The calculating of the emotion probability may involve: extracting a global feature from the key frames and classifying an emotion of the speaker into at least one of predefined emotion categories using an SVM and the extracted global feature; or classifying an emotion of the speaker into at least one emotion category that corresponds to a generative model that is capable of generating a largest number of parameter vectors same as or similar to those of the key frames, wherein the generative model is one of Gaussian Mixture Model (GMM) and Hidden Markov Model (HMM), which are obtained from learning each emotion category.
In another general aspect, an apparatus for emotion recognition includes a microphone configured to detect an input speech, and a processor configured to divide the input speech into a plurality of unit frames, to select a unit frame as a key frame among the plurality of unit frames based on relevance of each of the unit frames for emotion recognition, to calculate an emotion probability of each of the selected key frames, and to determine an emotion of the speaker based on the calculated emotion probabilities.
The processor may be configured to select a unit frame with a higher probability of occurrence than a predetermined fraction of the plurality of unit frames as the key frame.
Other features and aspects will be apparent from the following detailed description, the drawings, and the claims.
Throughout the drawings and the detailed description, unless otherwise described or provided, the same drawing reference numerals will be understood to refer to the same elements, features, and structures. The drawings may not be to scale, and the relative size, proportions, and depiction of elements in the drawings may be exaggerated for clarity, illustration, and convenience.
The following detailed description is provided to assist the reader in gaining a comprehensive understanding of the methods, apparatuses, and/or systems described herein. However, various changes, modifications, and equivalents of the systems, apparatuses and/or methods described herein will be apparent to one of ordinary skill in the art. The progression of processing steps and/or operations described is an example; however, the sequence of and/or operations is not limited to that set forth herein and may be changed as is known in the art, with the exception of steps and/or operations necessarily occurring in a certain order. Also, descriptions of functions and constructions that are well known to one of ordinary skill in the art may be omitted for increased clarity and conciseness.
The features described herein may be embodied in different forms, and are not to be construed as being limited to the examples described herein. Rather, the examples described herein have been provided so that this disclosure will be thorough and complete, and will convey the full scope of the disclosure to one of ordinary skill in the art.

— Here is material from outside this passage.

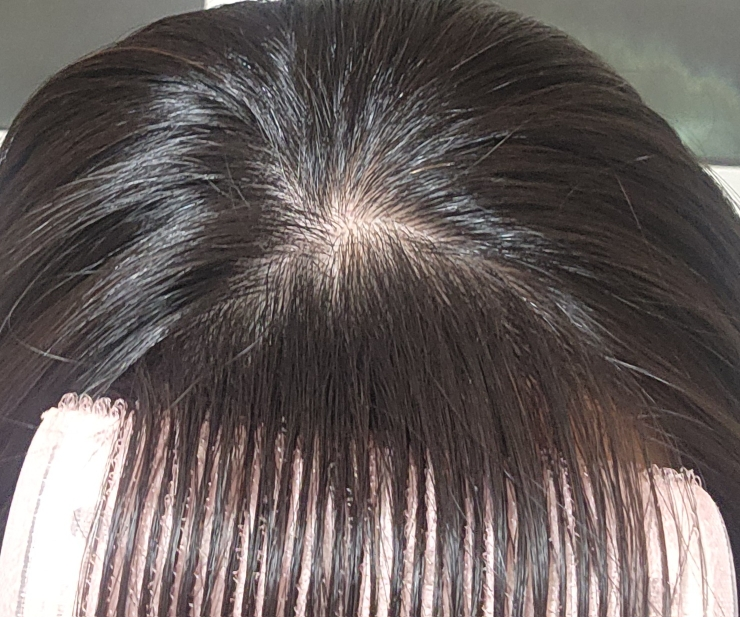 아워덤 (OURDERM) 노모어 헤어로스 부스트 앰플 review image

A change in the emotion of a speaker, such as “happy”, “angry”, “sad”, “joy”, “fearsome” and the like, may be accompanied by a substantial change in features of voice data such as speech pitch, speech energy, speech speed or the like. Thus, emotion recognition of a speaker of a speech may be accomplished by analyzing a speech obtained from a speaker.

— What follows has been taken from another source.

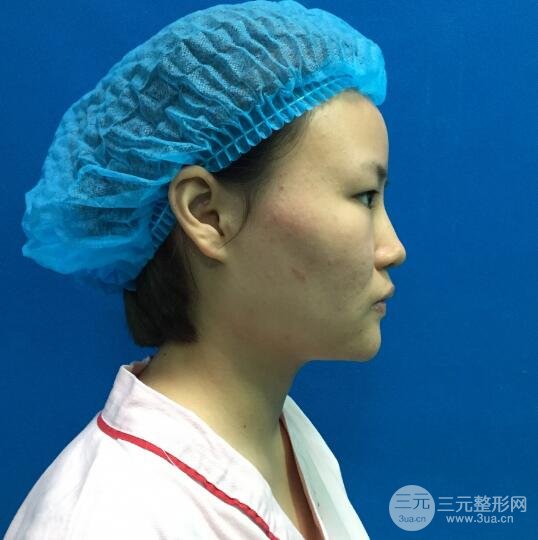 全臉脂肪填充價格 恢復過程圖 真實案例分享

In a frame-based speech emotion recognition method, a change in a speech of a speaker, or voice data, is analyzed to detect frames that contain information about the changes. A frame refers to a voice data unit based on an interval with a predetermined time length. For example, n frames may be detected from a speech of a user, and each frame may have a length of 20 ms to 30 ms. The frames may overlap with each other in time.

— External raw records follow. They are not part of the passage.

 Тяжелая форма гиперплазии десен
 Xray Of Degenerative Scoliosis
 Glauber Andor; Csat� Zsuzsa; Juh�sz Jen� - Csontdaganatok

Then, a parameter vector may be extracted from each of n intervals, i.e., n frames. Here, n is a positive integer. Herein, variables n, t, and m, which indicate the number of frames, are all positive integers. The parameter vector indicates meaningful information carried by each frame, and may include, for example, spectrum, Mel-Scale Frequency Cepstral Coefficients (MFCCs), formant, and the like. From the n frames, n parameter vectors can be extracted.
There are generally two techniques of recognizing an emotion from a speech of a user using the frames or parameter vectors.
One technique is to generate new global features from the n parameter vectors. The global features may include, for example, an average, a maximum value, a minimum value, and other features. The generated global features are used by a sorter, such as a support vector machine (SVM), to determine an emotion in the speech of a user.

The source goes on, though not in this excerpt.